In this unique case, the mother received BNT162b2 vaccine during her second trimester at 22 and 26 weeks, and the baby was born preterm at 33 weeks of gestation secondary to maternal complications. We observed persistence of anti-SARS-CoV-2 S antibody titers in the infant at 2 weeks, 6 weeks, 3 months, and 6 months of age. However, the titers dropped to >35 U/mL at 6 months of age as compared with titers of >250 U/mL at 2 weeks, 6 weeks, and 3 months of age.

This healthy baby is growing and developing well and did not develop any complications related to premature age. Initially, she was breastfed and required supplemental formula feeding; currently, she is receiving donor breast milk and a 22-calorie formula per maternal preference.

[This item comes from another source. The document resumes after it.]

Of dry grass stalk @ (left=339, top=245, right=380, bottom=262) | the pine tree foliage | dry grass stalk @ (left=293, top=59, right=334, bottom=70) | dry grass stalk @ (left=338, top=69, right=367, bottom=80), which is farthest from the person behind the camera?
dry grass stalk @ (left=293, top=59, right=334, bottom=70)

This report is based on only one case; thus, more extensive research on this topic is needed to determine the role of maternal vaccination in preventing COVID-19 and its complications in infants.

3.1. Conclusions

Herein, we report the first case in which persistence of anti-SARS-CoV-2 S antibodies was noted in a preterm infant at 6 months of age, which correlates with the prevention of COVID-19 and its complications in early infancy.

Thus, vaccinating pregnant women with BNT162b2 vaccine not only protects the mother but also the infant via transfer of anti-SARS-CoV-2 S antibodies. In our case report, we also observed that titers were low at 6 months of age compared with the titers at 2 weeks, 6 weeks, and 3 months of age. This emphasizes the need for starting vaccination against COVID-19 at 6 months of age. Based on these findings, extensive research is required to determine whether pregnant women require booster vaccinations, as significantly high titers of anti-SARS-CoV-2 S antibodies can be passed to their infants, which could protect them against COVID-19 and its complications at birth and early infancy.

Data Availability

The data is available in the form of serial antibody titers, which can be shared if requested.

Written informed consent was obtained from the patient’s legal guardian for publication of this case report and any accompanying images.

Conflicts of Interest

The authors declare no conflicts of interest regarding the publication of this article.


The authors are thankful to the mother for agreeing to participate in this important case study.